Author: Pranoy Radhakrishnan
Translator: wwl
Proofreader: Wang Kehan
This article is about 3000 words and is recommended to be read in 10 minutes.
This article discusses the application of Transformer models in the field of computer vision and compares them with CNNs.
Before understanding Transformers, consider why researchers are interested in studying Transformers when there are already MLPs, CNNs, and RNNs.
Transformers were initially used for language translation. Compared to recurrent neural networks (like LSTM), Transformers support modeling long dependencies among input sequence elements and allow for parallel processing of sequences.
Transformers utilize the same processing module to handle different types of inputs (including images, videos, text, and speech). Everyone hopes that a unified model can solve various problems while maintaining accuracy and speed. Just as MLPs serve as universal function approximators, Transformer models provide a universal solution function for sequence-to-sequence problems.
Transformers apply attention mechanisms, and first, we learn about attention mechanisms and self-attention mechanisms.
-
Attention Mechanism
The role of the attention mechanism is to enhance the importance of key parts of the input data while reducing the importance of the remaining parts. Just like when you understand an image, you focus on the meaningful parts of the image. The attention mechanism does this as well.
But why do we need attention mechanisms? After all, CNNs have performed well in image feature extraction, haven’t they?
For a CNN, the same operation is applied to every input image. CNNs do not encode the relative positions of different features. If you want to encode the combination of these features, you need a large convolutional kernel. For example, to encode the information of eyes above the nose and mouth, a large convolutional kernel is required.
To capture larger range dependencies within an image, a larger receptive field is needed. Increasing the size of the convolutional kernel can enhance the model’s expressive power, but doing so also sacrifices the computational and statistical efficiency gained from using local convolutional structures.
The self-attention mechanism is a type of attention mechanism that, when combined with CNNs, can help fit long-range dependencies without sacrificing computational and statistical efficiency. The self-attention module complements convolution, helping to fit long-range, multi-level dependencies within image regions.

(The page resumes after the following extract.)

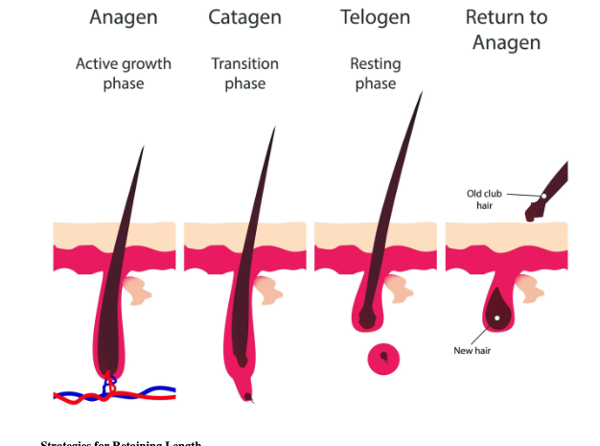 Diagram of the four hair growth cycle phases: anagen active growth phase, catagen transition phase, telogen resting phase, and return to anagen as new hair replaces shed hair.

You can see that the self-attention module replaces the convolutional layers, allowing every position in the model to relate to distant pixel points.
In a recent study, researchers conducted a series of ResNet experiments, replacing some or all of the convolutional layers with attention modules. The results showed that the best-performing experiment had convolutional layers in the shallow layers and attention layers in the deeper layers.
-
Self-Attention
The self-attention mechanism is a type of attention mechanism that allows each element in the sequence to interact with other elements in the sequence and determine which other elements should be focused on more strongly.
The goal of self-attention is to capture relationships among all entities; it is a weighted combination of all word vectors, capable of capturing long-range information and dependencies between elements in the sequence.
From the image above, we can see that “it” refers to “street” and not “animal.” Self-attention is a weighted combination of other word vectors. Here, the word vector for “it” is a weighted combination of other word vectors, where the weight for the word “street” is higher.
If you want to understand how the weights are derived, refer to this video:
https://www.youtube.com/watch?v=tIvKXrEDMhk
Essentially, a self-attention layer updates each element in the input sequence by integrating all information from the complete input sequence.
Therefore, we have learned how attention mechanisms like self-attention effectively address some limitations of convolutional networks. Now, is it possible to completely replace CNNs with attention-based models like Transformers?
In the NLP field, Transformers have already replaced LSTMs. So can Transformers replace CNNs in the field of computer vision? Next, we will delve into the aspects where attention methods surpass CNNs.
-
Transformer Model
The Transformer model was initially designed to solve translation problems in natural language processing, consisting of an encoder-decoder structure. The left side of the image represents the encoder, while the right side represents the decoder. Both the encoder and decoder contain self-attention mechanisms, linear layers, and residual fully connected layers.
-
Encoder
Taking translation as an example, the self-attention within the encoder helps the words in the input sequence to interact, thus generating a feature representation for each word that contains semantic similarity with other words in the sequence.
-
Decoder
The decoder’s job is to output one translated word at a time, based on the input word embeddings generated so far and the output.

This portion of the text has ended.